As BridgeBio approaches its FDA target date for approval of TTR stabilizer acoramidis to treat the rare heart disease transthyretin amyloid cardiomyopathy (ATTR-CM), the company has presented more data indicating that it can become a force in the indication, challenging Pfizer’s dominant Vyndaqel franchise and competing with Alnylam’s TTR gene silencer Amvuttra.
An open-label extension study of the phase 3 ATTRibute-CM trial shows that acoramidis produced reductions of 36% and 34% in all-cause mortality (ACM) by Month 36 and Month 42, respectively, versus placebo.
In the composite endpoint of ACM and recurrent cardiovascular-related hospitalizations (CVH), acoramidis demonstrated reductions of 46% and 48%, respectively, at months 36 and 42.
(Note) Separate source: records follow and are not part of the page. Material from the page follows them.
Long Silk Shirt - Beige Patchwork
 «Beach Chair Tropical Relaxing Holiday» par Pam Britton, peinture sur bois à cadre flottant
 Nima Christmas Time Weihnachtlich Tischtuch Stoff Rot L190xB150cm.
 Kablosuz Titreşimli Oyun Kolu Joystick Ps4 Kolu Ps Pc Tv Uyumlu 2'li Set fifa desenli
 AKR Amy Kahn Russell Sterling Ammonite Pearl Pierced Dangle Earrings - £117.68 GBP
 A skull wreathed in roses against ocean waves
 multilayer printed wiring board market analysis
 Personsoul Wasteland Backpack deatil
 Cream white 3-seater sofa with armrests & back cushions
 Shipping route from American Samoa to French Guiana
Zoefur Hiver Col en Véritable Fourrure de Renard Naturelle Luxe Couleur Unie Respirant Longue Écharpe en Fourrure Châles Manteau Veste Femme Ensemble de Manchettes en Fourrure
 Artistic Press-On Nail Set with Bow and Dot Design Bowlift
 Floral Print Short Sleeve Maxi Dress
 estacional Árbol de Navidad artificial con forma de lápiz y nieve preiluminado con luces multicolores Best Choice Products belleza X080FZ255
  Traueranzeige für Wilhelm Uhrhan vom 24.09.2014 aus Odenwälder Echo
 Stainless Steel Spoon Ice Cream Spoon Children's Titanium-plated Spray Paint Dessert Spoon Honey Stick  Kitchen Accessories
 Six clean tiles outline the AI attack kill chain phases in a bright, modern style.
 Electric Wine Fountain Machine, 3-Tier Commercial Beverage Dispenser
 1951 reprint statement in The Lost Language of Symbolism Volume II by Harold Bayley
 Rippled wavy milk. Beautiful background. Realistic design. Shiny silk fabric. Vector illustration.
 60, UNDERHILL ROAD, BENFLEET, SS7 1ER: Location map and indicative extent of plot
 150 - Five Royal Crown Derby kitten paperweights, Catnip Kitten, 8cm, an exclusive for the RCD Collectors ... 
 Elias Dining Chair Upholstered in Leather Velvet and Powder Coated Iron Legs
The data look "really good,” according to Mizuho Securities analyst Salim Syed, who pointed to the 46% ACM/CVH composite figure for acoramidis at Month 36 compared to a 33% mark at the same interval for Alnylam’s Amvuttra. While cross-trial comparisons carry inherent issues such as differences in trial populations and methodologies, they're often used by analysts and others to weigh medicines against one another in the absence of head-to-head studies.
In the acoramidis study, BridgeBio pointed to the continued curve separation of the composite endpoint of ACM and recurrent CVH versus placebo.
Additionally, in the release, Bridge Bio’s chief medical officer Jonathan Fox, M.D., pointed out that acoramidis has achieved the “earliest time to separation of any known ATTR-CM treatment on clinical outcomes at three months.” He added that this supports acoramidis as a “meaningful first line option.”
“The prescribing community is eager to have another important treatment option given the remaining high unmet need for ATTR-CM patients,” added Daniel Judge, M.D., professor of medicine and cardiology at the Medical University of South Carolina.
BridgeBio presented the results Monday at the American Heart Association (AHA) Scientific Sessions in Chicago.
In August, Alnylam reported results from a trial of Amvuttra that Chief Medical Officer Pushkal Garg, M.D., called a “grand slam” and suggested that the TTR gene silencer could potentially become a standard-of-care treatment for ATTR-CM.
Over the weekend at the AHA sessions, Intellia chipped in, revealing promising results from a phase 1 trial of its in vivo therapy nexiguran ziclumeran, which uses CRISPR editing to inactivate the TTR gene.
The FDA's approval decision for acoramidis is expected by Nov. 29. A decision from European regulators isn’t expected until 2025.